Collected data entries:
####

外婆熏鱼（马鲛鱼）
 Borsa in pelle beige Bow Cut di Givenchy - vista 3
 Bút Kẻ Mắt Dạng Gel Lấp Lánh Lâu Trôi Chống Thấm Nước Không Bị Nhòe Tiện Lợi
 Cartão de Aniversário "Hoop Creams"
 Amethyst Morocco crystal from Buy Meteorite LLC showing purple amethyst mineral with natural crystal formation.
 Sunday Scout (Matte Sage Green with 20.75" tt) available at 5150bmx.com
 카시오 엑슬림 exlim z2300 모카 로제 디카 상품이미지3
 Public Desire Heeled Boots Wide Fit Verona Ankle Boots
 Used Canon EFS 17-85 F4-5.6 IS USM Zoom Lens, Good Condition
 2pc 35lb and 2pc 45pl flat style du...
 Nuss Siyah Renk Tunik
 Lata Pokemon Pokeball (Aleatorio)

####

→ YOUR INSTRUCTIONS:
Starting with the line that contains "2pc 35lb and 2pc 45pl flat style du...", restate every line through the end of the records above, exactly and with no other lines.

→ OUTPUT BELOW:
 2pc 35lb and 2pc 45pl flat style du...
 Nuss Siyah Renk Tunik
 Lata Pokemon Pokeball (Aleatorio)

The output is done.